Though it seems strange now, there was once a time when the payment of decent salaries to politicians was a great left-wing cause, writes Fintan O'Toole
In 1839, the pioneering democrats of the Chartist movement demanded, among other things, that members of parliament be paid the handsome sum of £500 a year each. A good wage was seen as a crucial step in breaking the monopoly of the rich. In an age when parliamentarians were not paid, it was impossible for a working man (women, of course, were another matter altogether) to go into full-time politics. Likewise, decent salaries for ministers were seen as a safeguard against corruption - politicians who were better paid than the average worker wouldn't have to worry about domestic security, and wouldn't be tempted to take bribes.

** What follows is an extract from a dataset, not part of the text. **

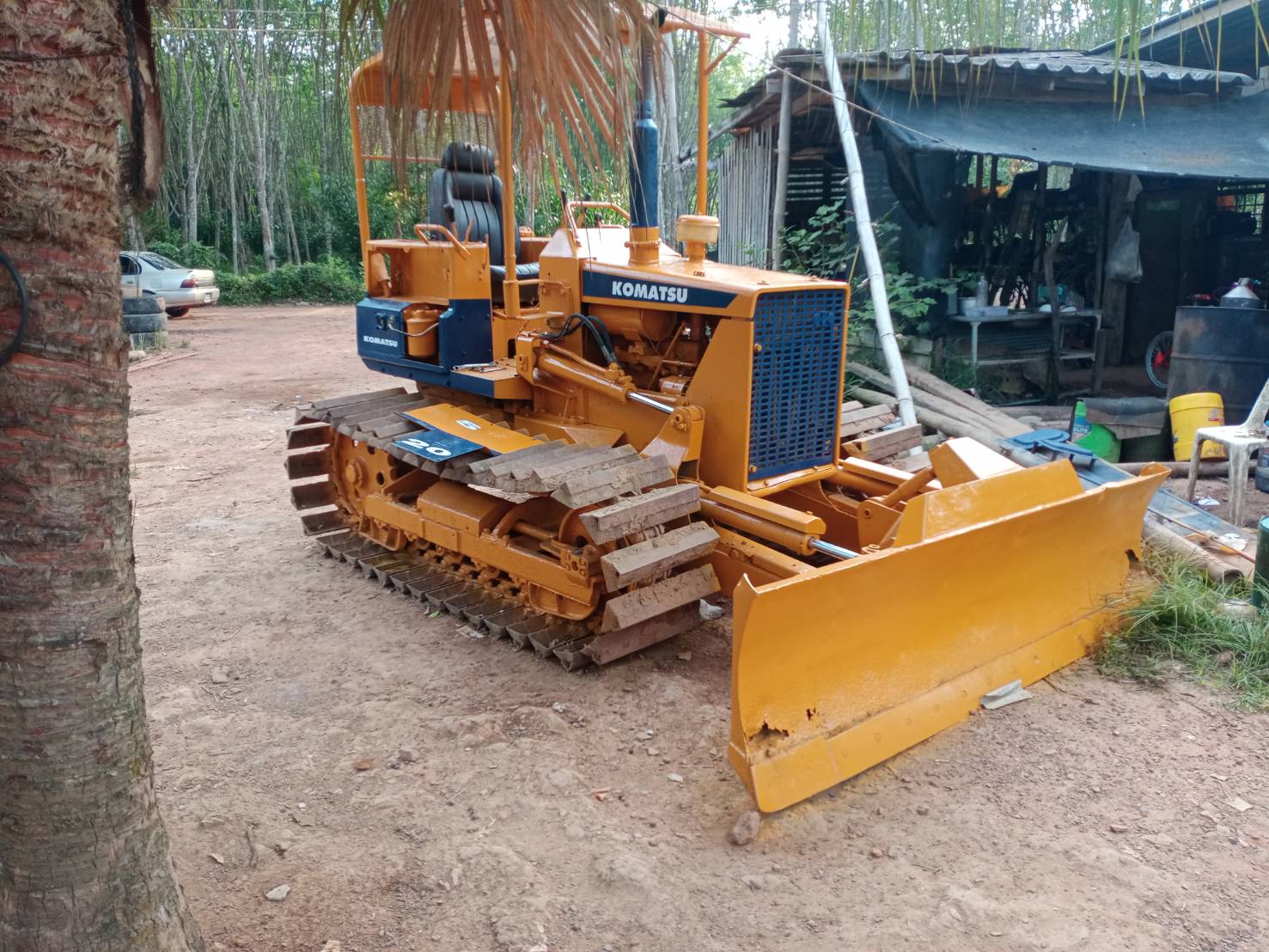 ขายแทรกเตอร์komatsu D20p-5ตีนเป็ด ใช้งานดีราคา200,000บ. ขายแทรกเตอร์komatsu D20p-5ตีนเป็ด ใช้งานดีราคา200,000บ.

There's still supposed to be some element of this argument in the justification for the increasingly lavish sums we pay our politicians. But none of it is vaguely credible any more. Politics has become a career in itself. Instead of making it possible for ordinary workers to enter politics, the salaries have created an increasing distance between the experiences of ordinary workers and those of successful career politicians. And as for high salaries ensuring that ministers don't feel the need to accept cash from private individuals, we know how well that's worked. We now have an official political standard in which, as the Taoiseach has shown, it is perfectly acceptable for ministers to accept dig-outs from both public and private sources.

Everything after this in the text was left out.